Tuesday, July 16, 2002

Last night I chanced across a former associates’ web page and her description of the Botcon in 2001. It brought back a flood of memories. You see, we once had friends in common who last night I saw pictures of and read about. These were people I thought I’d be friends with until the close of our lives. We haven’t spoken in around 4 years. It wasn’t an amiable parting of ways. One friend in particular, the linchpin in our group, and someone I had once written to and thought a great deal of, was basically MIA. I knew where she was, but I never heard anything from her and in the world of e-mail, that’s a deafening silence. I knew others who felt they’d gotten the same cold shoulder and had made a few gentle nudges before finally saying how I felt. That she was ignoring other friends in favor of this one other friend. Maybe I overreacted. It’s so long ago now that I’ve forgotten so many of the details. That was pretty much the end of it, shock from her, an angry e-mail from the one friend she stayed in touch with, and I dabbed ointment on the wounds and moved on with things.

Some months later, the only friend we still have in common told me that these two friends were engaged. You might think I’d have been surprised considering they were both females, but for some reason, it made sense. And I’m accepting enough to, say, “okay, best wishes and much happiness.” But it didn’t end there, the friend I’d once felt I’d know the rest of my life as a friend, had come to the conclusion she was never meant to be female and was going to make the necessary changes to correct nature’s oversight. I think I saw “him” at BotCon this past year, the first I’d attended in the year’s since we went our seperate ways. But this photo and description of the events at last year’s con in which this old associate kept referring to him by his new name so acceptingly, was the first time I’d accepted the changes in my heart and mind. I don’t think our paths will ever really cross again. But I think I’ve finally accepted the person he is now and wish him and his intended all the best.
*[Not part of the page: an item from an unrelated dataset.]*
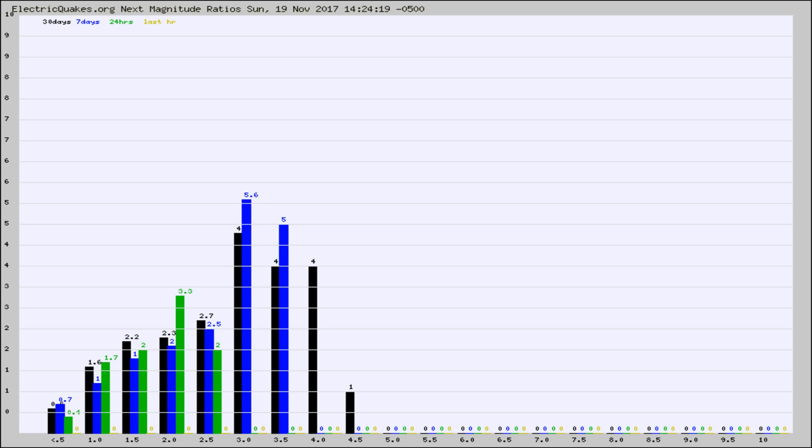Again, the black column is 30 days, blue is 7, green is 24 hours, and gold is in the last hour.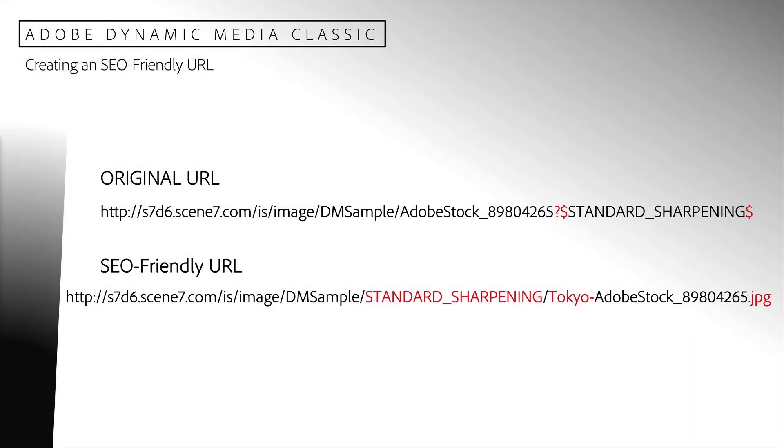What we'd like to do is create a rule that would allow us to use an SEO friendly URL that provides more information about our request to the web crawlers that will index our image and make it available to search results.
posted by Mark at 6:11 am  

Tuesday, July 16, 2002

My Trip Through LA (Lower Alabama)

A few weeks ago now, my mom and I made a weekend trip through southern AL and spent two nights in the town she grew up in, Andalusia. My dad’s family was in the same county for like four generations (really beyond if you consider my cousin and his children live in Andalusia). There aren’t a lot of places where I feel a sense of roots. My mom’s family, I joke, are like generational nomads. Every generation in my direct lineage ended up somewhere away from their roots. My dad’s family is comparably more rooted. Yet neither my dad or his siblings live close to where they grew up. I digress! I had a good time soaking up history and seeing places I remember from my earliest memories (when I was very small and my dad taught and had summers off, we would spend a good chunk of the summer at my maternal grandmother’s home there).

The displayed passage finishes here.